The utility changes the settings of graphics. That alone could give it a significant speed boost. DOSBox for Windows XP - a multifunctional tool, which is a 32-bit processor emulator for the operating system.
The original dev was working on running code on the Media Engine before he lost interest in the project - some of the code is already there, waiting to be implemented. There is plenty of scope for optimization in this project, such as porting solutions that were applied to other PSP emulators. Maintains separate DOSBox configurations for each game, allowing you to fully configure the DOSBox settings individually for each game LaunchBox 12.0 on 32-bit and 64-bit PCs This download is licensed as freeware for the Windows (32-bit and 64-bit) operating system on a laptop or desktop PC from console emulators without restrictions. Compare the above to this video of FX Fighter running on the 2008 build. Even if you get a version with added drivers, it won't help you run XP. The best you could do would be Windows 95 or maybe later 9x, and you can run Windows games on that.
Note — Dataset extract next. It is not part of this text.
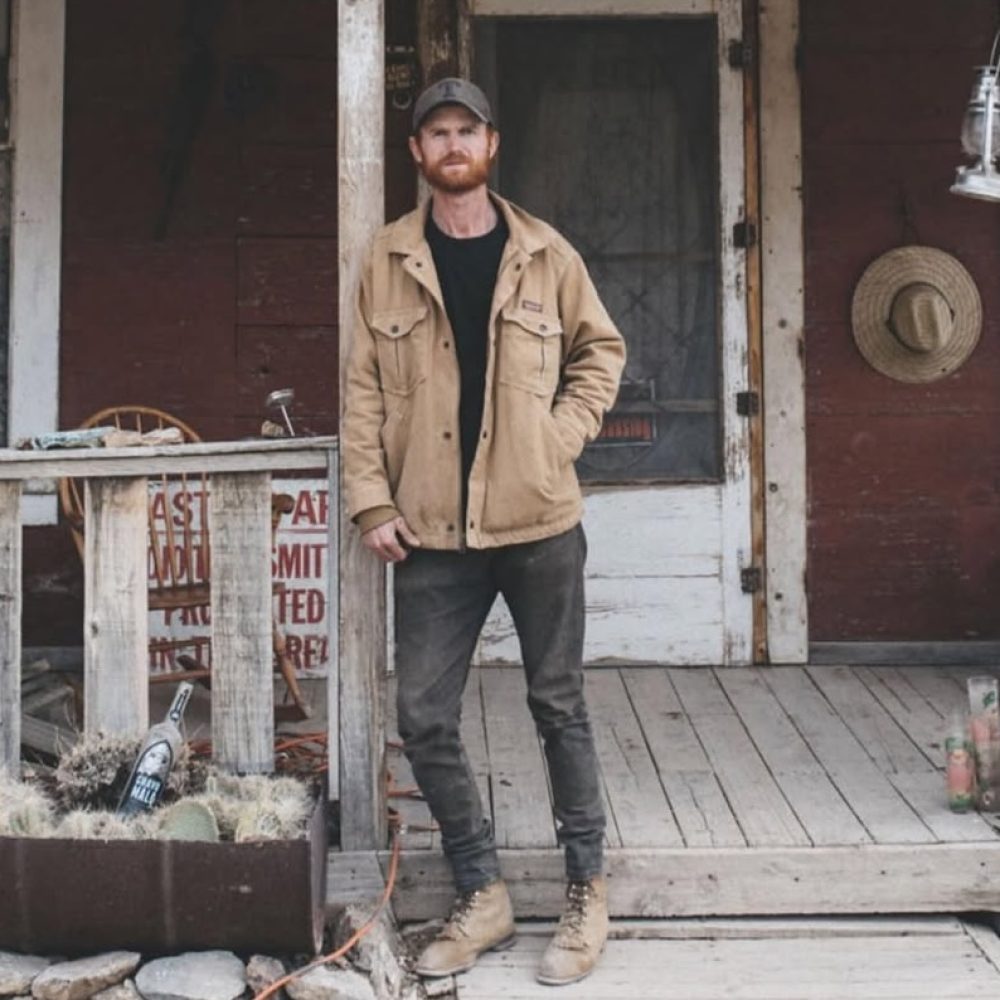 Brent-Underwood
There are still lots of bugs and it's really barely usable, but with just those basic tweaks it runs way better than before. The architecture of DOSBox is not suitable for running more modern OSes like XP. I spent the last two weeks fixing code that is broken on a modern toolchain (remember, this thing was last compiled 12 years ago), giving DOSBox a LaunchBox frontend to make it easier to use, and generally googling questions like 'what is malloc' a lot. After wading through the Wayback Machine and dead message boards, I finally tracked down all the source code for the PSP port of DosBox (last updated July 2008), built it with the help of the PSP Homebrew Discord guys - and here's the result, in a neat package with a handful of DOS shareware/demo games. If youre lucky, you can convince some games to run without sound in Windows XP, but they may run far too fast to be playable. Compact pre-installed Windows 95 hard disk image and AUTOEXEC.BAT file packaged for DOSBox, which runs in the browser thanks to hard work of contributors to Em-DOSBox, DOSBox, Emscripten, and web browser engines.